The stories are a mix of adventure, discovery, record dives and fantastic achievements in the underwater world and is a must have for anyone interested in adventure or diving. The book is to be released in paperback at US$49 plus shipping. It will not have the legends signature page facsimile. 

 I had planned to box the books and use media mail as I did with the DOXA book, but my time for doing this is now very limited so I will use the US mail Priority shipping and charge US$11 for Shipping and packing.

 I have not decided whether I will release the book in hardback to the general public. It is expensive and I doubt many people will buy it but as a special thanks to the support by the forum members I will make available a number of them to forum members for US$59 plus US$11 for shipping. 

 NOTE. I cannot accept credit cards but will accept checks or money orders. If people want to pay by Paypal then please add another $2.50. 

 Another thing to note about the book. It may actually end up a very limited edition. I am printing this myself. I no longer have the time to distribute it or market it or do anything with it. I am rarely at home and depending on when you order it, you may not get it for up to 2 months. That's one of the reasons I will probably only promote it on a few forums. I will sign those ordered by forum members. 

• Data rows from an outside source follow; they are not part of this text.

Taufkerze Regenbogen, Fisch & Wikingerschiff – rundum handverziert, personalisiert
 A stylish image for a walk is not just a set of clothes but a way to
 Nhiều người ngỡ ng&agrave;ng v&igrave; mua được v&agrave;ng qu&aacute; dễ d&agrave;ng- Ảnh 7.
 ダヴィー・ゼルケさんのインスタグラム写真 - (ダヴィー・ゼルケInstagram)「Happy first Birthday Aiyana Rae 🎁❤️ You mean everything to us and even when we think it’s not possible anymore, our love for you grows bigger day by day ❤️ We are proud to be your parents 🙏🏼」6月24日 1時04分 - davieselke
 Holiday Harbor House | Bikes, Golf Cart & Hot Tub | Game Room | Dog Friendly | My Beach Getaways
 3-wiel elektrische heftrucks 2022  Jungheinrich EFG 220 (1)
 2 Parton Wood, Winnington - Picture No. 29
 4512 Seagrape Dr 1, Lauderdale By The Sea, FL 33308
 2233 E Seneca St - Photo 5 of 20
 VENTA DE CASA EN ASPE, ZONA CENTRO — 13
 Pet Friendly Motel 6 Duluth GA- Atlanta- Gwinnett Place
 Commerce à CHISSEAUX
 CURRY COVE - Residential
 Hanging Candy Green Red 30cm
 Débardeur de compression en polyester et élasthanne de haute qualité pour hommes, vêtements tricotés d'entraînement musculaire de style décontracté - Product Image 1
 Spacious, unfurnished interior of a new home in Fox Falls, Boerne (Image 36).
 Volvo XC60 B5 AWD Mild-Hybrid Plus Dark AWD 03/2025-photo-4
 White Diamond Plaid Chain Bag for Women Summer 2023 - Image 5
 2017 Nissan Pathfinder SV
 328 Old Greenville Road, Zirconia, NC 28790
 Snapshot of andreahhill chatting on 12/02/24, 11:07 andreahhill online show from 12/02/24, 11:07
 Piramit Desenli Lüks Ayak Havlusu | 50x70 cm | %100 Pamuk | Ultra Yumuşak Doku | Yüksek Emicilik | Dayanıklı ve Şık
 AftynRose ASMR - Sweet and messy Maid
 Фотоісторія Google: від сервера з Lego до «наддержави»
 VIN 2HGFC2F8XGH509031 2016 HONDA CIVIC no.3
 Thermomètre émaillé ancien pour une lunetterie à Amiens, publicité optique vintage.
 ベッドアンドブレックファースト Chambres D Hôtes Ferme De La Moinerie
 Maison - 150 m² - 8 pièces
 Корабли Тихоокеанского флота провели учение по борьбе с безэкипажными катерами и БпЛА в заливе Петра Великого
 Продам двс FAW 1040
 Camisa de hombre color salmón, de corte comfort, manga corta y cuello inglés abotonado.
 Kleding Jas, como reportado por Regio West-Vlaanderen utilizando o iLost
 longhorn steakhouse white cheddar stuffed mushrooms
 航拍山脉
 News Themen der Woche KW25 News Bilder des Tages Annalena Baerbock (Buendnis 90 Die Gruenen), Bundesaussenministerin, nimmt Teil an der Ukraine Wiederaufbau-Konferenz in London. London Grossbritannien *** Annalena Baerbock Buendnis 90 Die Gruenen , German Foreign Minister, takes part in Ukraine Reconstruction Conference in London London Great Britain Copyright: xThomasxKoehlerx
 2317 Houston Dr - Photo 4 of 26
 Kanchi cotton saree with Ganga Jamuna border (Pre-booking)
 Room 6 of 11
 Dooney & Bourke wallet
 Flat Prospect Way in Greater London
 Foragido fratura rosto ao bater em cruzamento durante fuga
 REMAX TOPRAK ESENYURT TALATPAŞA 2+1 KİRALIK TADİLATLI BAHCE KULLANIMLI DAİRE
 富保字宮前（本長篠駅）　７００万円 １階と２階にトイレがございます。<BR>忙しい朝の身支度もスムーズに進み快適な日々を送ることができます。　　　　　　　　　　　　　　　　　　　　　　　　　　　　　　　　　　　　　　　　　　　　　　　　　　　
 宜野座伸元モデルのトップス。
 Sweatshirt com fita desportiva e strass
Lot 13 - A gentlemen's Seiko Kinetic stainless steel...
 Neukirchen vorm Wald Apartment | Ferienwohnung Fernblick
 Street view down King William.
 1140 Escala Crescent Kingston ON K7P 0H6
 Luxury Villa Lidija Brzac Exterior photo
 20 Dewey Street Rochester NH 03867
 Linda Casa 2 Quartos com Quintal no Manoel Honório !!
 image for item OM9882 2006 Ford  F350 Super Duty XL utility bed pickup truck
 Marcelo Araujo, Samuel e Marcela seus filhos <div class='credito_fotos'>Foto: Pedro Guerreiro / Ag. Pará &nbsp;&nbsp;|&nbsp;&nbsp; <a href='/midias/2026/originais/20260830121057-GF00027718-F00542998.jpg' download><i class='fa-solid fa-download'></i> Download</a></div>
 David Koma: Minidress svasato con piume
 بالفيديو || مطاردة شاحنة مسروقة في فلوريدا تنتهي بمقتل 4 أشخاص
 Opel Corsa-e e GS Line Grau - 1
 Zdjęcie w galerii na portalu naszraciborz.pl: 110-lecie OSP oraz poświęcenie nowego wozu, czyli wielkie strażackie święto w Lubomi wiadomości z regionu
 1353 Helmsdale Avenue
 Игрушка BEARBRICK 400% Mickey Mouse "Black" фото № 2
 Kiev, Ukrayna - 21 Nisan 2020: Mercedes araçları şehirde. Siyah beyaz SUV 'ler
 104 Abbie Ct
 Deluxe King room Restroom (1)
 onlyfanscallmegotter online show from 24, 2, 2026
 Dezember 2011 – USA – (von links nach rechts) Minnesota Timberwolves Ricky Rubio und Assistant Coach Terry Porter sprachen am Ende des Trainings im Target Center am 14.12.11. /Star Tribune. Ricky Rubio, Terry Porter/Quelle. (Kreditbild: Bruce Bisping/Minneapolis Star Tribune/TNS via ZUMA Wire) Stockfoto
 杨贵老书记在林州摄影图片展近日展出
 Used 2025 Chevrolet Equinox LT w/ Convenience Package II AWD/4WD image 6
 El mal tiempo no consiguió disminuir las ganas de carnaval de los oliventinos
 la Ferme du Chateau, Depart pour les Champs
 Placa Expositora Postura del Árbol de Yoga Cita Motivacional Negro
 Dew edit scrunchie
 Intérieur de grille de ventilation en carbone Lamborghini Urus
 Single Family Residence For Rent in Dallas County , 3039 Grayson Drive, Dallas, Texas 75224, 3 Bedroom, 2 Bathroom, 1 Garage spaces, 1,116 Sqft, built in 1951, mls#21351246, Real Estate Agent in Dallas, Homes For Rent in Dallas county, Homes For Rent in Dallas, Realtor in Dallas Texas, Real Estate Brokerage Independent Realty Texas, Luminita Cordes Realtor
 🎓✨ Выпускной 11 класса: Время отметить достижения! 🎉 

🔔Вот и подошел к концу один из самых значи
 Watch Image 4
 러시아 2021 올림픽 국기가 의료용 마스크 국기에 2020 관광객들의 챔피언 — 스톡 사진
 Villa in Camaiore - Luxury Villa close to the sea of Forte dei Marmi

 The other bad news for those outside of the USA is that if you want it, it can cost up to US$35 for shipping, depending on where you live. I won't know the cost until I box one and take it to the post office. Overseas books will be the last to ship.

 For details on how to order the book, please send an email to 

 [email protected]

The watch and book will be released at the Our World Underwater dive show in Chicago on Saturday 20th February at 4PM in one of the large seminar rooms. 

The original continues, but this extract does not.